The Arabs are flocking back to the tribe


In the Jewish sector many voters didn’t bother to show up at the polling places for the municipal elections. Some commentators have linked the low turnout to the disappearance of the national political parties from the local scene. By way of contrast, the Arab sector flocked en masse to the polling stations in order to cast the right ballots. “A festival of democracy” is how the Hebrew media labeled the high voter turnout in the Arab sector.

But the reality is far from this flattering description. The retreat of the political parties from the local scene is also occurring in the Arab sector. The Arab public’s high voter turnout rates were not an indicator of democracy, since the elections in the Arab sector have always been conducted on a sectarian and clan-tribal basis and the political parties that are active in the Arab street are also constructed, ultimately, on a sectarian-tribal basis.

The Arab parties are all quite similar to one another with respect to social issues and national policy as well as a solution to the Israeli-Palestinian conflict. The lively voting in the Arab sector did not testify to an entrenchment of the political parties and a flourishing of democracy. On the contrary, the results indicated a retreat by the parties and a return to the warm bosom of the creed and the tribe.

A huge drama played out in Nazareth, where Ali Salam, who resigned from Hadash, succeeded in deposing the party that had controlled the municipality for decades. Hadash, in a state of shock, applied to the court and obtained an order that prevented publication of the final results until the soldiers’ votes were counted. It even appended a list of the Israel Defense Forces soldiers from Nazareth who, the party claimed, had voted at their bases but whose votes were not counted. The “festival” surrounding the affair spread and the highly fraught issue became an arena for wrangling among the political organizations active in the Arab public.

Knesset Member Hanin Zoabi hastened to publish a snide statement about Hadash in which she wrote that “Nazareth will not allow soldiers to determine its future.” Zoabi, who headed the Balad list in the municipal election, was defeated in part because she is a woman. Male dominated Arab and especially Muslim society does not put women in leadership positions. Muslim women have achieved leadership positions only in non-Arab countries such as Pakistan, Turkey, Indonesia and Bangladesh.
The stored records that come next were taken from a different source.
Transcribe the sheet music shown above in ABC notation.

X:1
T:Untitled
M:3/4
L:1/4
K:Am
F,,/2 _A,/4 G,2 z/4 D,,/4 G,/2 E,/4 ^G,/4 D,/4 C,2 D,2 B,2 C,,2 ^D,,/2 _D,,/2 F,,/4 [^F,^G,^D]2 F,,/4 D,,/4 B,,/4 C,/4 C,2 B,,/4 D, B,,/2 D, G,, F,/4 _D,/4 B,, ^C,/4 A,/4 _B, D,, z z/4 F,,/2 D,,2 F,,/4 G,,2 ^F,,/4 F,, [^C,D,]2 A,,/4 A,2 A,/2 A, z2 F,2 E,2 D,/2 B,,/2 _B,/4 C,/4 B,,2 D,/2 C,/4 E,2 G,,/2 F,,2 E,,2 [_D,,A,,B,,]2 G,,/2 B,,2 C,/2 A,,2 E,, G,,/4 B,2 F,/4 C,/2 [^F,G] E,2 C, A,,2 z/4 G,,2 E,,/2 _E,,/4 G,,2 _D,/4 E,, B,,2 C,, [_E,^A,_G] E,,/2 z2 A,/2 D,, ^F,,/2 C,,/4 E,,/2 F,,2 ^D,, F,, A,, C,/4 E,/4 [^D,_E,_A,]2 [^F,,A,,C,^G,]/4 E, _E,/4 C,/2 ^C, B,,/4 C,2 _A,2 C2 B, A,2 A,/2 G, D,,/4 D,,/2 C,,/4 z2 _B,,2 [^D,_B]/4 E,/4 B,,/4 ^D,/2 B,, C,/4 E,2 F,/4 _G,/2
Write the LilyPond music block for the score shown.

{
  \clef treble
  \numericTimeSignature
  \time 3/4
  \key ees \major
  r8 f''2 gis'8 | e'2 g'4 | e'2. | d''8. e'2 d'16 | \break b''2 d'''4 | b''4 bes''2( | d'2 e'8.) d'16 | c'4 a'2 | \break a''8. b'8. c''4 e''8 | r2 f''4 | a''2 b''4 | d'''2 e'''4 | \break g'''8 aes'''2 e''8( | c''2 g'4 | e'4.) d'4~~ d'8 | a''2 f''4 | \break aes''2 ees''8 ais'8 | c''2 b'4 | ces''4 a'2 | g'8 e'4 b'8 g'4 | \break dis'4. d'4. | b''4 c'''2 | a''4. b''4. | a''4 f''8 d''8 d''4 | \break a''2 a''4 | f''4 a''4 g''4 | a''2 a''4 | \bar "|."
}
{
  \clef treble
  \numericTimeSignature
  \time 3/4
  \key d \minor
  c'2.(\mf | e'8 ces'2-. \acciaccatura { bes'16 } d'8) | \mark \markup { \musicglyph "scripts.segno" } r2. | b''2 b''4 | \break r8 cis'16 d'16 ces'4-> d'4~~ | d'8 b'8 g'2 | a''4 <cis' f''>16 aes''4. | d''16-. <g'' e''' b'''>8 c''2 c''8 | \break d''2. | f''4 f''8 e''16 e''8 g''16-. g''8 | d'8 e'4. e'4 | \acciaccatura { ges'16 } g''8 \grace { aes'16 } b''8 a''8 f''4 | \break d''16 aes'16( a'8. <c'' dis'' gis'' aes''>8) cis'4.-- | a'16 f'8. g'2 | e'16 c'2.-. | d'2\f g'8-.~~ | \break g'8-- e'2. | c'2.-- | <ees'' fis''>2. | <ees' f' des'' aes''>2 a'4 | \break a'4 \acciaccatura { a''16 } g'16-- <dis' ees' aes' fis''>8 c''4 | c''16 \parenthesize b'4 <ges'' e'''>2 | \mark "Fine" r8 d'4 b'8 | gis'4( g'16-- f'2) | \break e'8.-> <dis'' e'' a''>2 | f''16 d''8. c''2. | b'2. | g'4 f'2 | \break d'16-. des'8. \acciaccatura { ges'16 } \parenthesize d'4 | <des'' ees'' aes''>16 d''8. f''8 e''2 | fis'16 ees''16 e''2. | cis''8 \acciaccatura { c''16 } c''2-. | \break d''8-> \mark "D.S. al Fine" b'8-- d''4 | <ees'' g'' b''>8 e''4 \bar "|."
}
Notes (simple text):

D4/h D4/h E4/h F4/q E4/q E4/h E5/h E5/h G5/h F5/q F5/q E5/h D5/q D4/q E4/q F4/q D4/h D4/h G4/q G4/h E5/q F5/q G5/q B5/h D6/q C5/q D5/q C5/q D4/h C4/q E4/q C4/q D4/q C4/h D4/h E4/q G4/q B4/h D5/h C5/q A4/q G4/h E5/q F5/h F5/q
It is easy enough to expose the Arab parties’ lies. Indeed, the slurs exchanged between Balad and Hadash did not prevent the two parties from collaborating and even running on a single ticket, of a distinctly separatist Christian hue, in one of the villages in the Galilee. Activists of the joint ticket demonstratively made the sign of the cross when they came to solicit votes and in the privacy of homes they even said they wanted to put up a fight against the “Druzation” of the village, which is inhabited by Druze, Christians and Muslims.

The split in Hadash has been exacerbated in recent years by the entrenchment of Balad, and the veteran party (Hadash) has found itself in a battle to hold high the banner of Arab nationalism. The Islamist stream is separatist by definition. The Arab public has turned its back on parties that are competing to raise the banner of nationalism and fight Israelization, and the Arab public is losing whichever way you look at it: It has internalized neither Arabization nor Israelization but rather is going back to tribalism and ethnicity.

Thus, the state of Israel and all its citizens, Jews and Arabs, is in need of a profound Israelization of education, regardless of religion, race and sex. Such an Israelization will bring succor to the ills of the society but it cannot happen without separation of religion from the state and without an end to the occupation and an end to the national conflict in this land.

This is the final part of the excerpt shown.